Couple more ideas

vincenegri · Post by **vincenegri** » Mon Apr 06, 2015 1:40 pm

Lyudmil Tsvetkov wrote:I wonder how Joerg is going to introduce a kingside fianchettoe bonus, starting from this position, how Joerg?

By submitting tests that use the 8-move book. Such tests are perfectly allowed and the results would be accepted.

You don't have to use the 2-move book. It just provides better resolution in most cases. (Faster tuning convergence, less resources used on framework, etc)

For example, I have seen people use the 8-move book when testing changes focused on the endgame, since the 8-move book makes it more likely the game will reach the ending.

vincenegri · Post by **vincenegri** » Mon Apr 06, 2015 1:54 pm

zullil wrote:
I understand that without a large number of games one cannot decide if a patch is positive, negative or neutral. (And part of me is thinking: "so what, no lives will be lost if a bad change is made. Life is short. Take risks. Have fun!) Of course, anyone is free to fork Stockfish and do whatever he wants, free from the constraints imposed by the fishtest protocols.

Quite so. But it takes a lot of resources to do this sort of development. Why else are there so many stockfish clones that keep rebasing themselves to current master?

It's perhaps no surprise that the creative forks, like sting, focus on test position solving, since that doesn't require so much raw CPU time. Just keep running through your EPD collection.

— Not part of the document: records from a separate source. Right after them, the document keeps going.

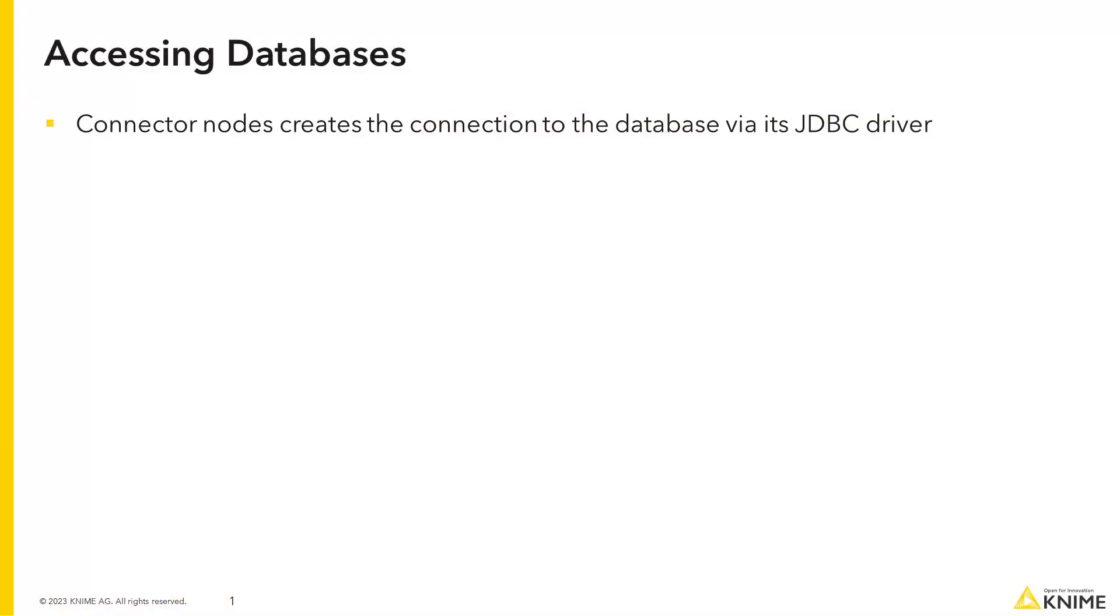To connect to a database, you need a connector node that creates the connection to the database via its JDBC driver.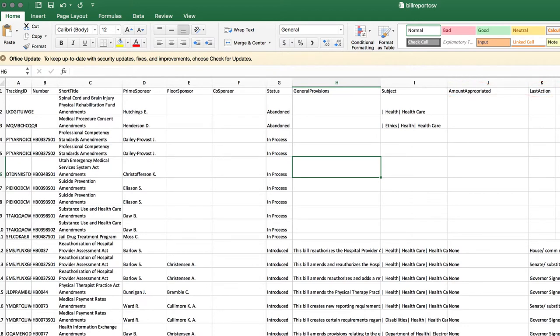Now we can format the data, save, edit, or print our spreadsheet. We have an organized list to refer to or follow up for additional information about specific bills, subjects, or sponsors.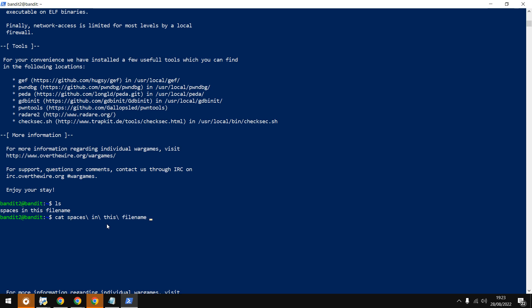We have another way: cat and then put quotes around 'spaces in this file name'. This is the second way. So there are two ways to do it. Thank you for watching.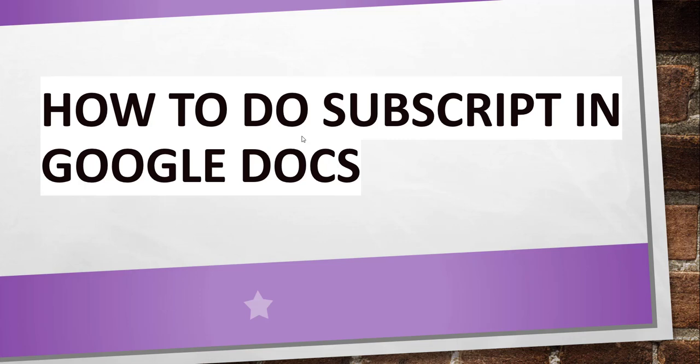Hello friends, good morning and welcome to the channel. Today in this video I will quickly show you how to do subscript in Google Docs.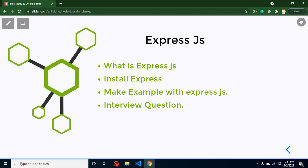But in ExpressJS you can create an API within three or four lines. Here you can save lots of time, effort, and code also. That's why we use ExpressJS.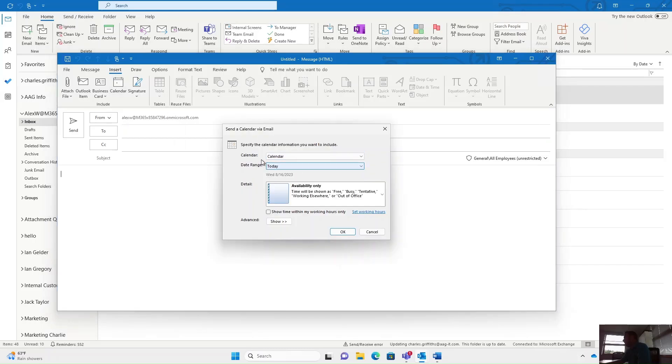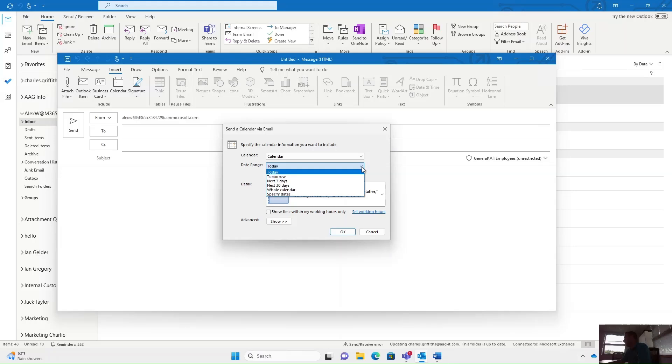You can pick whichever calendar you want to share from and you can share a specific date range. So by default it will show as today, but you can change this option here and for example share your availability over the next seven days.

Komodo uses a lot of self-play testing (and I bet testing against other major engines too) - Mark spoke about this during TCEC and about the large financial investment in hardware to be able to keep up with fishtest. IIRC they run longer TC games, so they need even *more* hardware..

zullil wrote: I just find myself wondering more and more if the current testing constraints almost preclude improving aspects of Stockfish's play that involve positional play and "long-term planning". Maybe Stockfish has now developed to the point where a new testing protocol is needed, in order for the engine to reach its true potential?

It depends on your development model. I don't think the importance of having a quantifiable criteria for patch testing and acceptance in a multi-developer project like SF should be underestimated. Fishcooking can get crabby, for sure, but it would be 100 times worse if the only way to decide which patch went in was via arguments over individual positions, games, etc.

At the same time I don't think you are going to get a paradigmatic shift via the SF model. At least not by a series of incremental changes. Probably in the future someone who has worked alone will present a mega-patch with solid local test results to back it up (after all, if you did achieve a paradigm shift it would be worth many Elo, so you would demonstrate 99% LOS quite quickly)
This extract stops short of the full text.